A scam website has started to circulate on the web these days which is a perfect copy of the original Telos Foundation website, created to steal EOS from victims.
In fact, unless one knows the exact link to the original one, it is impossible to recognise this Telos website from the fake one.
But how did this come about? As it is possible to use the blockchain to send spam messages, it is also possible to use it to send much more, such as links to scam websites.
A user, sendrayeos11, received some EOS tokens allowing him to redeem their Telos through the link provided:
The unfortunate user trusted the link and, following it, fell into a trap: by connecting, in fact, he unlocked his account and the hacker could then modify the private keys of the wallet by stealing about 800 EOS.
But one of the advantages of the EOS blockchain is that there is an authority, eCAF, created specifically for these needs.
By checking the case, the EOS team was able to freeze the account and return the funds to the unfortunate person.

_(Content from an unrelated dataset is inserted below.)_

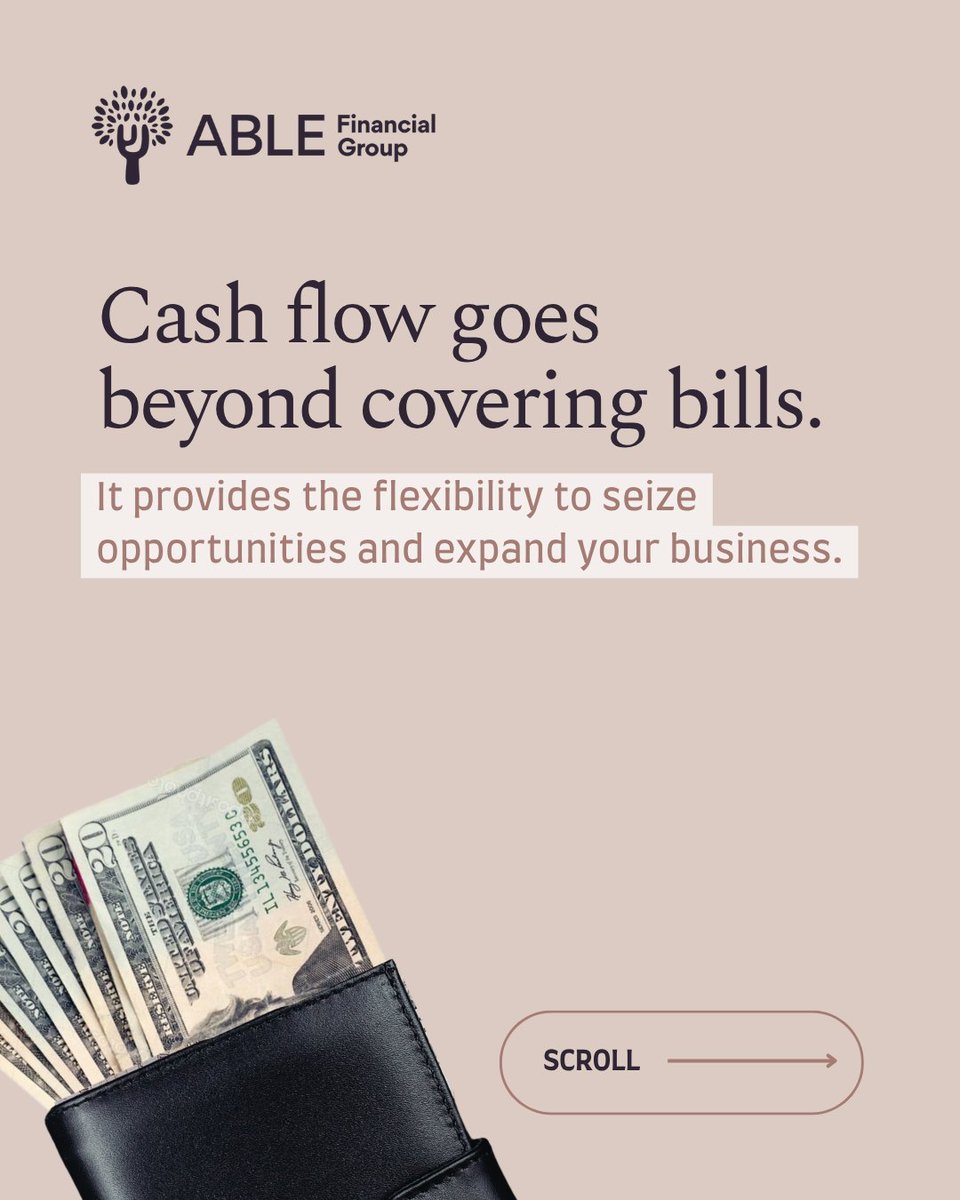 ABLEFinancialgr's tweet photo. Your business idea is only as strong as your cash flow. 

Swipe through for 5 practical ways to keep cash moving and give your business room to grow. https://t.co/RdFpVxbcpg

Now they will see whether to establish a blacklist with the various accounts that commit fraudulent acts against others, but it is still early to introduce this function because they must wait for the various referendums that have already acted in this regard.
Even the Scatter wallet has updated its wallet blocking the malicious website, as can be seen from the email sent to all its users.
Using the EOS block explorer, one can see that among its operations, telos.x has over 1200 pages of 100 operations each and the first attack dates back to January 14th, 2019.